The HAQ-DI is a 20-question, self-administered instrument that measures the patient's functional ability on a 4-level difficulty scale (0 to 3, with 0 representing normal or no difficulty and 3 representing inability to perform). Eight categories of functioning are included: dressing, rising, eating, walking, hygiene, reach, grip, and usual activities. This scale is sensitive to change and is a good predictor of future disability. HAQ-DI is a value of the individual ACR core set variables.
The DAS28 score is a combined index that has been developed to measure the disease activity in patients with RA and has been extensively validated for its use in clinical studies. The DAS28-CRP assessment involved evaluating the number of tender (TJC) and swollen (SJC) joints (out of 28 specified joints), serum CRP, and patient global assessment of disease activity (VAS from 0 to 100, very well to extremely bad). The individual results are summed using a formula. The DAS28 is a number on a scale from 0 to 10 indicating the current activity of the patient's RA. A higher score indicates higher disease activity.
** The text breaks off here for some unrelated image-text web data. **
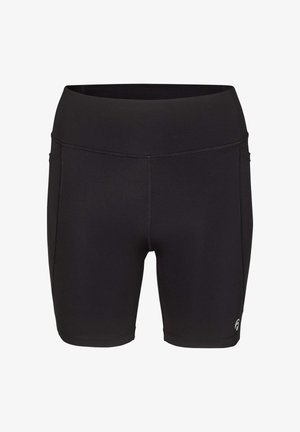 Schwarze nahtlose Sportshorts mit hoher Taille, Flachnähten und einem kleinen reflektierenden Logo am unteren linken Bein.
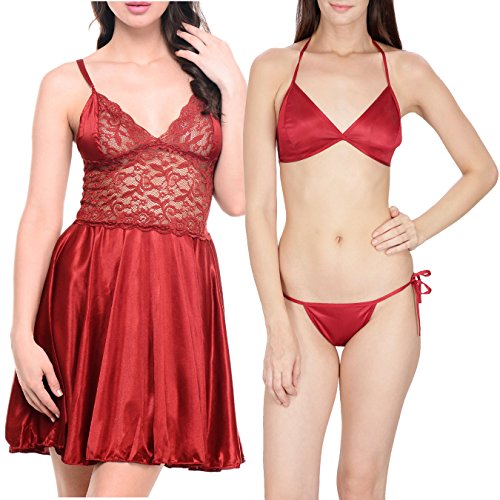 Klamotten Satin Women Sexy Nightwear and Bikini Set Combo 11M-07 RS.349 (65.00% Off) - Amazon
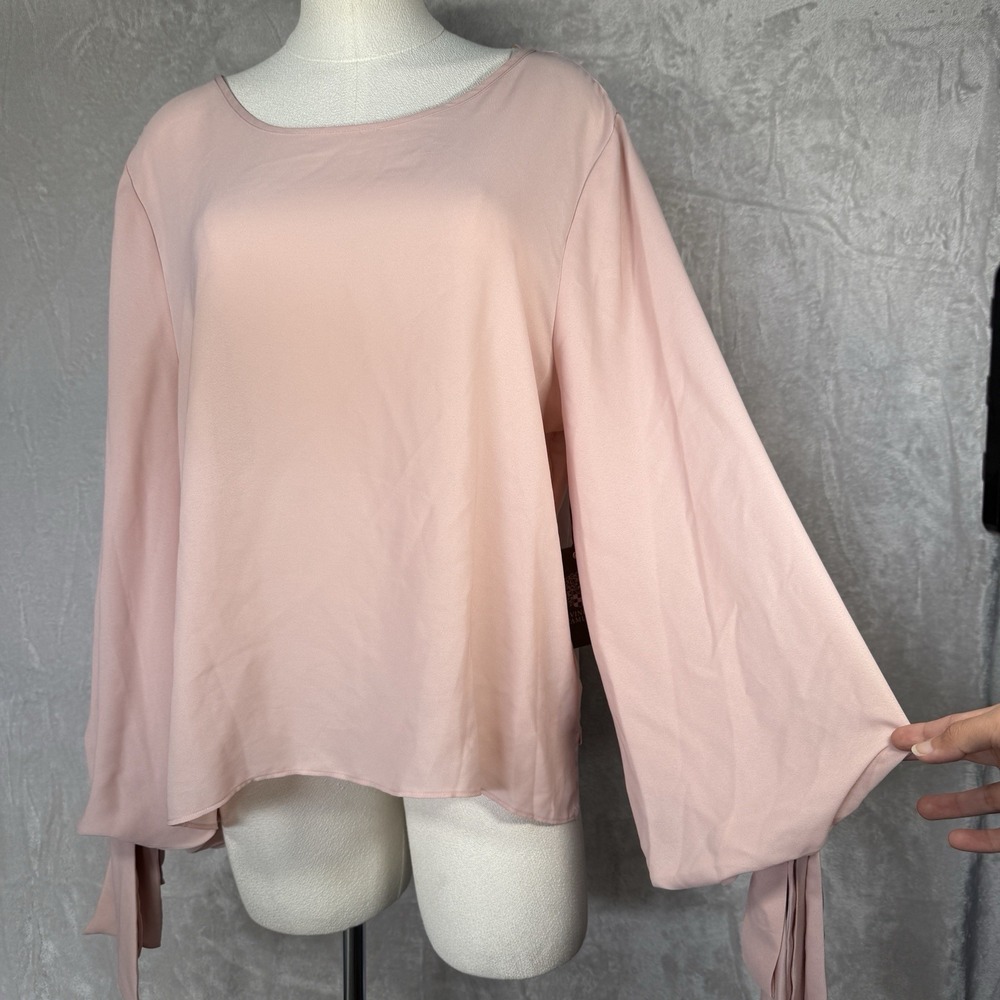 Vince Camuto Womens XL Wild Rose Pink Tie Cuff Bishop Sleeve Blouse NWT $99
The DAS28 score is a combined index that has been developed to measure the disease activity in patients with RA and has been extensively validated for its use in clinical studies. The DAS28-ESR assessment involved evaluating the number of tender (TJC) and swollen (SJC) joints (out of 28 specified joints), serum ESR, and patient global assessment of disease activity (VAS from 0 to 100, very well to extremely bad). The individual results are summed using a formula. The DAS28 is a number on a scale from 0 to 10 indicating the current activity of the patient's RA. A higher score indicates higher disease activity.
Blood samples for the assessment of ADA activity were collected at Baseline (Week 0), prior to dosing at Weeks 2, 4, 12, and 24.
Blood samples for the quantification of adalimumab concentration in serum were collected at Baseline (Week 0), prior to dosing at Weeks 2, 4, 12 and 20, and Week 24. Samples were taken prior to dosing (trough samples).